To do –
From the entries below, write out exactly the lines between the line holding "755441: Poubelle à" and the line holding "Пряжа Alize (Ализе)", inclusive, excluding any pictures.

╭─ Material for this exercise

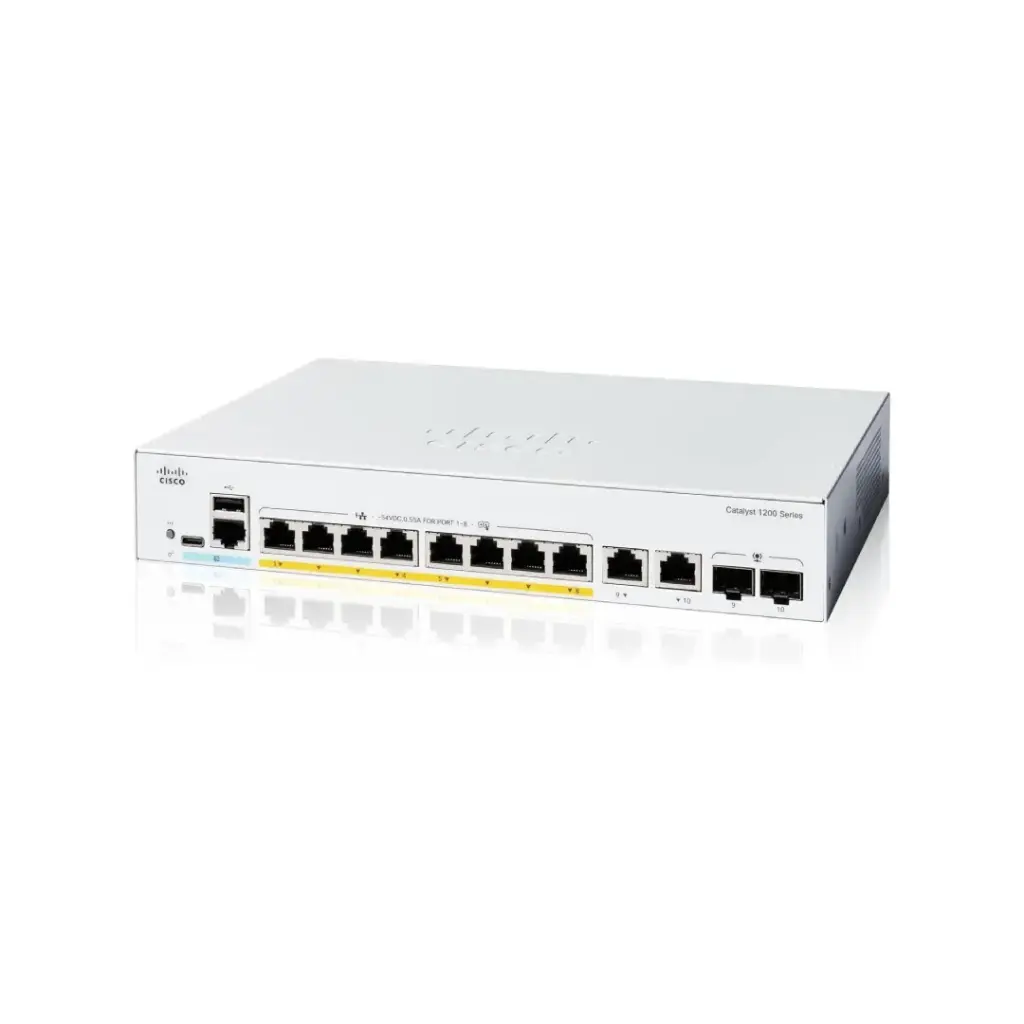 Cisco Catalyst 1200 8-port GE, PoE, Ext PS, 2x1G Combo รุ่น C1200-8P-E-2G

╰─
╭─ Material for this exercise

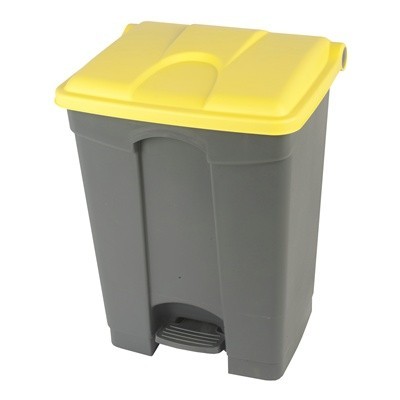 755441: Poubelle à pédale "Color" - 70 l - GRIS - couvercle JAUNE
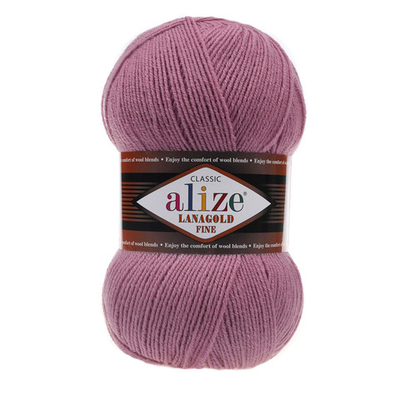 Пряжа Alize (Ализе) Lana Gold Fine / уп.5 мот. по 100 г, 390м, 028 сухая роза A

╰─

Problem solution –
 755441: Poubelle à pédale "Color" - 70 l - GRIS - couvercle JAUNE
 Пряжа Alize (Ализе) Lana Gold Fine / уп.5 мот. по 100 г, 390м, 028 сухая роза A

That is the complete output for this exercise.